Problem with Naive Bayesian
Hello,
I'm from Germany and studying Financial Management. Right now I have to make a presentation about the Naive Bayesian on RapidMiner. My problem is, that I don't understand how the results ,,prediction(no) / prediction(yes)" can be computed.
Here is my XML Process:
<?xml version="1.0" encoding="UTF-8"?><process version="8.0.001">
<operator activated="true" class="retrieve" compatibility="8.0.001" expanded="true" height="68" name="Retrieve Golf" width="90" x="45" y="34">
<parameter key="repository_entry" value="//Samples/data/Golf"/>
</operator>
</process>
<?xml version="1.0" encoding="UTF-8"?><process version="8.0.001">
<operator activated="true" class="naive_bayes" compatibility="8.0.001" expanded="true" height="82" name="Naive Bayes" width="90" x="246" y="34">
<parameter key="laplace_correction" value="true"/>
</operator>
</process>
<?xml version="1.0" encoding="UTF-8"?><process version="8.0.001">
<operator activated="true" class="retrieve" compatibility="8.0.001" expanded="true" height="68" name="Retrieve Golf-Testset" width="90" x="45" y="187">
<parameter key="repository_entry" value="//Samples/data/Golf-Testset"/>
</operator>
</process>
<?xml version="1.0" encoding="UTF-8"?><process version="8.0.001">
<operator activated="true" class="apply_model" compatibility="8.0.001" expanded="true" height="82" name="Apply Model" width="90" x="313" y="340">
<list key="application_parameters"/>
<parameter key="create_view" value="false"/>
</operator>
</process>
<?xml version="1.0" encoding="UTF-8"?><process version="8.0.001">
<operator activated="true" class="performance" compatibility="8.0.001" expanded="true" height="82" name="Performance" width="90" x="380" y="85">
<parameter key="use_example_weights" value="true"/>
</operator>
</process>
I've used the Golf data set. For example the first row: sunny, Temperature:85, Humidity:85 and Wind:false.
For Temperature and Humidity I've used the probability density function in order to get the following results for no= 0,0003074677... and yes=0,000059000924.

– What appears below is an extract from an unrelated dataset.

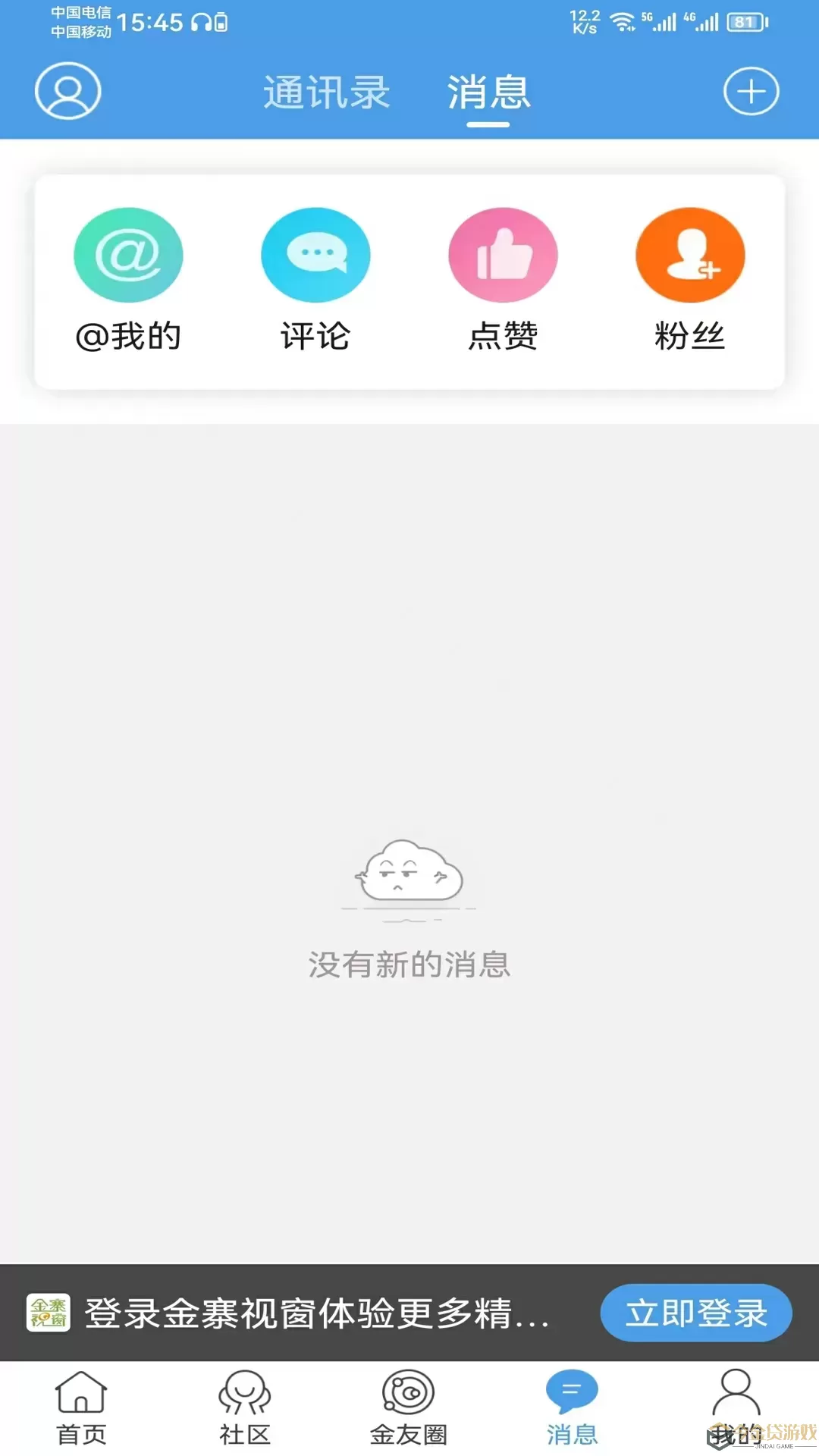 金寨视窗app下载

What should I do witht those results to get the results from the Prediction No= 0,711 and Yes= 0,289?
Thank you in advance!
Best Answer
-
Hi again @domi_wiese,
I think you have strictly reach your goal :
Don't forget that you perform calculation without Laplace correction :
without Laplace correction, the results of RapidMiner are :
To come back to the calculations :
5/14 => OK
2/5 => OK
3/5 => OK
0,04125 (Humidity you confirm ?) => OK
0,02121 (Temperature you confirm ?) => NOK (I find 0,1204 => I made an error => can you give detail of your calculation for this case
=> I don't know where is my error in this calculation)
Morality : Is the solution in the calculator of OS Windows..............??????
Best regards,
Lionel
1
Answers
-
-
Thank you for this video. I have already watched it, but there is just the Basic explained, which is not the problem for me. I'm talking about the next steps, I mean: how to combinate the continous numeric values with those from Outlook and Wind to get the predictions (yes and no). In other words: what is the equation to get to those predictions, for example for the first row?
0 -
Hi,
for numeric variables we use a gaussian assumption. The probability is given by the usual gaussian pdf with the calculated mean and variance. For nominal variables we can get the probabilities from simple counting.
Best
1 -
Thank you very much.
Let's stick to the first row with the prediction for no (71,1%).
I've used the probability density function to get for temperature (85) and humidity (85) the following results
Temperature Humidity
yes 0,00097307096 0,00319056274
no 0,0464961233 0,0412564316
At next, I've computed the following results for Outlook=sunny and wind=false
Sunny False
yes 3/9 4/9
no 2/5 2/5
In order to get the prediction no (71,1%) and yes (28,9%) I thought that it would be like this:
Multiply all the results for yes with (9/14) and multiply all the results for no with (5/14). Then add those two results to have the Basis (evidence). At last divide the result for yes with the evidence and the results for no with the evidence to get the predictions.
What am I doing wrong?
Thank you in advance!
0 -
Hi,
This topic interests me a lot.
In deed, from my opinion, it is essential to understand the theory behind the algorithms.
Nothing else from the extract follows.